JAKARTA - Menteri Riset dan Teknologi (Menristek)/Kepala Badan Riset dan Inovasi Nasional (BRIN) Bambang Brodjonegoro mengatakan, pemerintah terus mendorong ekonomi nasional berbasis inovasi. Hal ini untuk mengejar target 2045 Indonesia menjadi negara maju.

Lebih lanjut, Bambang mengatakan, untuk menjadi negara maju ada banyak hal yang harus dilakukan Indonesia. Salah satunya adalah perbaikan kualitas sumber daya manusia (SDM).

"Kunci untuk kita bisa loncat menjadi negara maju, pertama terletak di perbaikan kualitas SDM-nya. Mungkin nanti bisa dibahas dengan menteri pendidikan bagaimana caranya agar SDM kita benar-benar menjadi aset," tuturnya, dalam webinar Integrated Launching & Kick Off: IBIMA Membantu Mempercepat Pemulihan Ekonomi & Industri Nasional, Selasa, 10 November.

Kata Bambang, Indonesia bisa mencontoh Korea Selatan dan Swedia.
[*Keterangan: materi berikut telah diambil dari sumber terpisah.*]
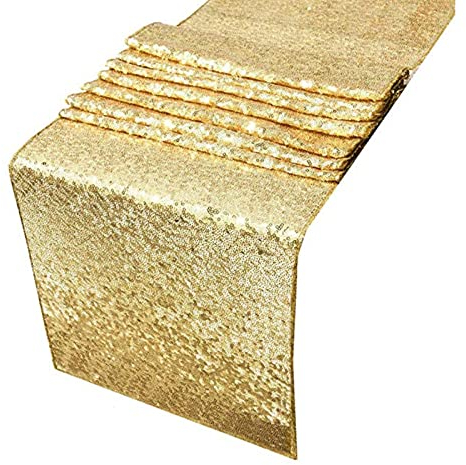 Runner da Tavolo con Paillettes, 30x300cm Tovaglia Glitter Rettangolare Glitterato per Decorazioni per La Tavola di Casa, per Decorazione di Natale della Festa di Compleanno di Nozze(Oro)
Meski kedua negara ini tidak lebih besar dari Indonesia dan tak memiliki sumber daya alam (SDA) yang melimpah, namun tetap bisa tumbuh menjadi negara maju dan keluar dari jebakan negara berpenghasilan menengah.

"Saya ambil contoh negara Korea Selatan dan Swedia mereka berdua tidak dikenal sebagai negara yang kaya dengan sumber daya alam justru yang membuat mereka jadi lebih cepat keluar dari middle income trap itu adalah sumber daya manusianya," katanya.

Lebih lanjut, Bambang berujar inovasi yang diharapkan harus didorong dari kemampuan sumber daya manusia (SDM) terutama di tingkat riset, pengembangan, sampai kepada hilirisasi hasil riset.

"Untuk mendorong cita-cita sebagai negara yang berbasis inovasi tersebut tentunya kita harus buat kerangkanya. Terutama dalam hal implementasinya itu yang kita sebut dengan triple helix. Jadi yang bisa mendorong inovasi di Indonesia adalah triple helix," jelasnya.

Bambang mengatakan, triple helix yang saat ini didorong pemerintah adalah academia, businesss, dan government (ABG). Pada tahap awal ini pemerintah memang hanya menggabungkan tiga unsur ini.

"Kenapa cuma tiga? Karena kami menganggap ini memang awalnya nanti kalau hubungan ketiga stakeholder ini sudah mantap, smooth maka kemudian keterlibatan yang lain baik masyarakat media maupun kelompok lainnya akan lebih mudah. Tetapi fondasinya harus dibangun dengan triple helix yang kokoh," jelasnya.

Triple helix, kata Bambang, mempunyai tujuan agar dunia industri, dengan dunia akademik lebih dekat. Artinya, saling dapat mengerti apa yang menjadi kekuatan dan kelemahan masing-masing.

Misalnya dari perguruan tinggi. Harus diakui, kelemahan perguruan tinggi belum bisa membaca pasar. Tapi memiliki kelebihan yaitu banyak inisiatif dan juga punya base knowledge untuk melakukan inovasi. Sementara, dunia industri sangat paham apa yang menjadi kebutuhan masyarakat, tapi kelemahannya kurang didukung dengan kemampuan mengembangkan produk.

"Dengan melihat kekurangan dan kelebihan ini. Maka pemerintah termasuk kementerian kami harus turun tangan memfasilitasi pertemuan yang lebih interaktif antara industri dan akademisi. Sehingga akhirnya akan muncul inovasi yang langsung menjawab kebutuhan masyarakat," jelasnya.